REQUIREMENT = Somewhere below are a line with "Can ChatGPT Help" and a later line with "Equator: Power of an Ocean [USA] [DVD]". Output exactly those lines and all lines between them.

EXTRACTED INFORMATION =
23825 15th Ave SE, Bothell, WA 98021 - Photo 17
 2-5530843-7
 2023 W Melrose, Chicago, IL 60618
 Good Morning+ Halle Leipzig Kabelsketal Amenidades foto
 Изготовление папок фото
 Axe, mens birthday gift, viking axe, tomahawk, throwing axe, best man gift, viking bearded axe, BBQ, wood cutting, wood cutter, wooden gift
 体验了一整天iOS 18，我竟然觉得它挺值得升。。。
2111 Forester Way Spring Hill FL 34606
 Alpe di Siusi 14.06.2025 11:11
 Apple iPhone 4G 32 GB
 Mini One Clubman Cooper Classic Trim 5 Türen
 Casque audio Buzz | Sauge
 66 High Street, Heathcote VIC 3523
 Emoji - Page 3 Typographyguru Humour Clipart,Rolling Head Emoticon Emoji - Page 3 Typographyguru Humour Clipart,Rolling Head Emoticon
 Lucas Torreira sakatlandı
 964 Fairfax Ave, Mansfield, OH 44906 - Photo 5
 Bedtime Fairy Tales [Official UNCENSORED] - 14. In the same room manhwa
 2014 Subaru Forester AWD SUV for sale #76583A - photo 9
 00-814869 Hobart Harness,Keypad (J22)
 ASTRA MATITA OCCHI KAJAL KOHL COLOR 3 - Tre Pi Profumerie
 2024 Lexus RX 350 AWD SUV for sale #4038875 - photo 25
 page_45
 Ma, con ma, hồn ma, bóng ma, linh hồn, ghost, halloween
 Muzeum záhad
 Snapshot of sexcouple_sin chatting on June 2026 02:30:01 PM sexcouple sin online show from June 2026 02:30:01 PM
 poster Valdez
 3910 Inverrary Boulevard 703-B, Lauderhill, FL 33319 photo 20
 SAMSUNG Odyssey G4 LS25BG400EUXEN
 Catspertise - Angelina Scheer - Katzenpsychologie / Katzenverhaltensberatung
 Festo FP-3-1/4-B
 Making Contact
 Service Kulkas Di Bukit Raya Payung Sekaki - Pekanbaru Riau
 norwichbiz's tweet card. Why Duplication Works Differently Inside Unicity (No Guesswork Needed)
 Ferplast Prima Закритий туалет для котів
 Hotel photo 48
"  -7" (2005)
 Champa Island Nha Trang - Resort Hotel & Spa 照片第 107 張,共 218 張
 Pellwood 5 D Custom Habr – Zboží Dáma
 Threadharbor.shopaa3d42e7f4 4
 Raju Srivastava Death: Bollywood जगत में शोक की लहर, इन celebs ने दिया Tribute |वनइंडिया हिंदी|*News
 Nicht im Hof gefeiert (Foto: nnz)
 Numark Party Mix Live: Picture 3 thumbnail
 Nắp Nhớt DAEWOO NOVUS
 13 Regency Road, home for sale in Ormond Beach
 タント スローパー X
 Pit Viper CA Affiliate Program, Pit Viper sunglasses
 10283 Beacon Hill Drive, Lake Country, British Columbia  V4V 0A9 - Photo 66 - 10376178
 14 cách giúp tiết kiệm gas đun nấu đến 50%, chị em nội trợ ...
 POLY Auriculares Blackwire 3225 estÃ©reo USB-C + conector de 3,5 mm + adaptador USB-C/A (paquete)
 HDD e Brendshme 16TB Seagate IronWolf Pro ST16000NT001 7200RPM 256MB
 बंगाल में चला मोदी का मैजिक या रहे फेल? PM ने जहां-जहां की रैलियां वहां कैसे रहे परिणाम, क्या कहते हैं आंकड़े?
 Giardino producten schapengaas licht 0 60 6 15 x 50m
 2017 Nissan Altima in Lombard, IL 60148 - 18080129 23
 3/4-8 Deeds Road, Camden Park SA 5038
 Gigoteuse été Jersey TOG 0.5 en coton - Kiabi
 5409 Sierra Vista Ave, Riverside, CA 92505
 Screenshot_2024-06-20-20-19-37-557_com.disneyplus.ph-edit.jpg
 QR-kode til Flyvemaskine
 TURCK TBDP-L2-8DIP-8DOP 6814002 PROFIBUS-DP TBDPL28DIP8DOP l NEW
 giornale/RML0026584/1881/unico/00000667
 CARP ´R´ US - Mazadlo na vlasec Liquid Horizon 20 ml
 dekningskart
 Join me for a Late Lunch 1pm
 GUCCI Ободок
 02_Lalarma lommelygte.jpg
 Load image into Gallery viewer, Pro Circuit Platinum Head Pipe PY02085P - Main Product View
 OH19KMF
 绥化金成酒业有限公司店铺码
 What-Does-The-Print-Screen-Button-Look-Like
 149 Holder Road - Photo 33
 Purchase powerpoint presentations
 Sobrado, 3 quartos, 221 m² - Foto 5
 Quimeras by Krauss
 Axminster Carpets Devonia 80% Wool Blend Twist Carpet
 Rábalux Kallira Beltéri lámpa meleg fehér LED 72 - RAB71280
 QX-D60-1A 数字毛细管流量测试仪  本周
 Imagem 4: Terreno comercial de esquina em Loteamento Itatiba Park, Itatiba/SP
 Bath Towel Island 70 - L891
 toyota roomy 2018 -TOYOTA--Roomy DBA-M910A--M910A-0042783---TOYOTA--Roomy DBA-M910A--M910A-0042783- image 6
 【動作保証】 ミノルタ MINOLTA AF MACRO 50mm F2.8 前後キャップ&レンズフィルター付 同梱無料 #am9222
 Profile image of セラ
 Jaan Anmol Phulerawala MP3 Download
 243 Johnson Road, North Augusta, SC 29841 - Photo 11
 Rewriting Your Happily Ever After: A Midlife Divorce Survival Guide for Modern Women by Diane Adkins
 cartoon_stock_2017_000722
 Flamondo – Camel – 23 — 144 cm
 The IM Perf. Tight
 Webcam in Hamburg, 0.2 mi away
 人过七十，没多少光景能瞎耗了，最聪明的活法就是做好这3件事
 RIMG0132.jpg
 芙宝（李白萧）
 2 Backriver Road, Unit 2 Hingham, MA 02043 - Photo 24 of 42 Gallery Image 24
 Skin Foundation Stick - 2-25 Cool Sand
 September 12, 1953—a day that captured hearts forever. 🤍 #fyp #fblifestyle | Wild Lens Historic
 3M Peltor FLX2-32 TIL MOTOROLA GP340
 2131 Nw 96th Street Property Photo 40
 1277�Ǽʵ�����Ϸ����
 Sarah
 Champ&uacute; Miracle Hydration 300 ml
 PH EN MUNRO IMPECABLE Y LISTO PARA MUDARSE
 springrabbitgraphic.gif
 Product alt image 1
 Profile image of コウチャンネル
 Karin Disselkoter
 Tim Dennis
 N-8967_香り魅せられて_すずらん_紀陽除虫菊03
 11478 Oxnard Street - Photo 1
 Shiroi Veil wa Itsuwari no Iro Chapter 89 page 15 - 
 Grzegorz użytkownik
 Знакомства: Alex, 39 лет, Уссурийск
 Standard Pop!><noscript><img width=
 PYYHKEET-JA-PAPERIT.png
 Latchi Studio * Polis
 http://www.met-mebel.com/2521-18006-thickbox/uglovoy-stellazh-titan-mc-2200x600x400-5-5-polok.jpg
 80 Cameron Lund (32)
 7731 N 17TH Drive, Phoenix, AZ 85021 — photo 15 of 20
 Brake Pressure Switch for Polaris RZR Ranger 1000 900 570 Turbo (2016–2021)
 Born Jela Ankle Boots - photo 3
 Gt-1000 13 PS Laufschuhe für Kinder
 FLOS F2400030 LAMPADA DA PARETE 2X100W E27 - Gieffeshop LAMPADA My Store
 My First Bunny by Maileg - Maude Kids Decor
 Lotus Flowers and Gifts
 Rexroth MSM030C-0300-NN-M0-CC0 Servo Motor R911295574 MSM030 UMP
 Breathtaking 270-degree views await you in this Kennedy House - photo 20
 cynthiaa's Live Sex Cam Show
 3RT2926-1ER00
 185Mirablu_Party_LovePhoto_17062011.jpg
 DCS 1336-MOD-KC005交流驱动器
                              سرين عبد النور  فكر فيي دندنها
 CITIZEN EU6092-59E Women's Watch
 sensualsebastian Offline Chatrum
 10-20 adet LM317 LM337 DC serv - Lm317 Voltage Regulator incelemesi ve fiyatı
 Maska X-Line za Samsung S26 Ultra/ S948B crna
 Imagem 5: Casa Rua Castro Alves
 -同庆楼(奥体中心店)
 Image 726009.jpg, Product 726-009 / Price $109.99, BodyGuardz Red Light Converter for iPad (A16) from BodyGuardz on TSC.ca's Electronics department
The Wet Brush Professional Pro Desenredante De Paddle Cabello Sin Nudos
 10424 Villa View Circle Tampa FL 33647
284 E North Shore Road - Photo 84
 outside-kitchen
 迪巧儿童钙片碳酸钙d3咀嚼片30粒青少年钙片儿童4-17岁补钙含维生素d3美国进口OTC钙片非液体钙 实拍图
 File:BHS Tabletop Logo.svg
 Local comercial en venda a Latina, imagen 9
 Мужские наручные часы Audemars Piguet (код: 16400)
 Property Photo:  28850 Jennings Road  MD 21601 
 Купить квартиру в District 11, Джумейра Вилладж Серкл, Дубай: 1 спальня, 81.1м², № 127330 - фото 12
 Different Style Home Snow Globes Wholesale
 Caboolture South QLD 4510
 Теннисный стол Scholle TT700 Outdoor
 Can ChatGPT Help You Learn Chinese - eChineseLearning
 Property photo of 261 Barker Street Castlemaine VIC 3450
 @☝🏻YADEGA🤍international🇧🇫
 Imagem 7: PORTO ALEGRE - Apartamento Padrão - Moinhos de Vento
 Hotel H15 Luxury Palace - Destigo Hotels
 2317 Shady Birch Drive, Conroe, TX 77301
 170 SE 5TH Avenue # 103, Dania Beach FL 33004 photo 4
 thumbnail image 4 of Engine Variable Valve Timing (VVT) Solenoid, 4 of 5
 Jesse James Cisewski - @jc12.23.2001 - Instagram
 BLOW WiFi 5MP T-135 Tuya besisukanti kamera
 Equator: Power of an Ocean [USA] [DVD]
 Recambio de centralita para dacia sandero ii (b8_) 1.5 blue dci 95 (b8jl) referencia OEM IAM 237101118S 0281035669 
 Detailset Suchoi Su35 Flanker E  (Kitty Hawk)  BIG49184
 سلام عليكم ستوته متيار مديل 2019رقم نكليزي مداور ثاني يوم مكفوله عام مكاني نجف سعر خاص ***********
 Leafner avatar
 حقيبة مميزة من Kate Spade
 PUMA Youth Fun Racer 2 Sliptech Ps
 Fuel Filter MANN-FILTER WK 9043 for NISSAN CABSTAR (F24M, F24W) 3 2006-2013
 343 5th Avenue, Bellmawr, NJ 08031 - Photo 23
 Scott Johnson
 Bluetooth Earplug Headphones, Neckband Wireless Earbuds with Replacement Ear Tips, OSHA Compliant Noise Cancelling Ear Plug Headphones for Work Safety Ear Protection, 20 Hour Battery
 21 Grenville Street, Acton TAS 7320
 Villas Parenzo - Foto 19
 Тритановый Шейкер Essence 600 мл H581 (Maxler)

TASK SOLUTION =
 Can ChatGPT Help You Learn Chinese - eChineseLearning
 Property photo of 261 Barker Street Castlemaine VIC 3450
 @☝🏻YADEGA🤍international🇧🇫
 Imagem 7: PORTO ALEGRE - Apartamento Padrão - Moinhos de Vento
 Hotel H15 Luxury Palace - Destigo Hotels
 2317 Shady Birch Drive, Conroe, TX 77301
 170 SE 5TH Avenue # 103, Dania Beach FL 33004 photo 4
 thumbnail image 4 of Engine Variable Valve Timing (VVT) Solenoid, 4 of 5
 Jesse James Cisewski - @jc12.23.2001 - Instagram
 BLOW WiFi 5MP T-135 Tuya besisukanti kamera
 Equator: Power of an Ocean [USA] [DVD]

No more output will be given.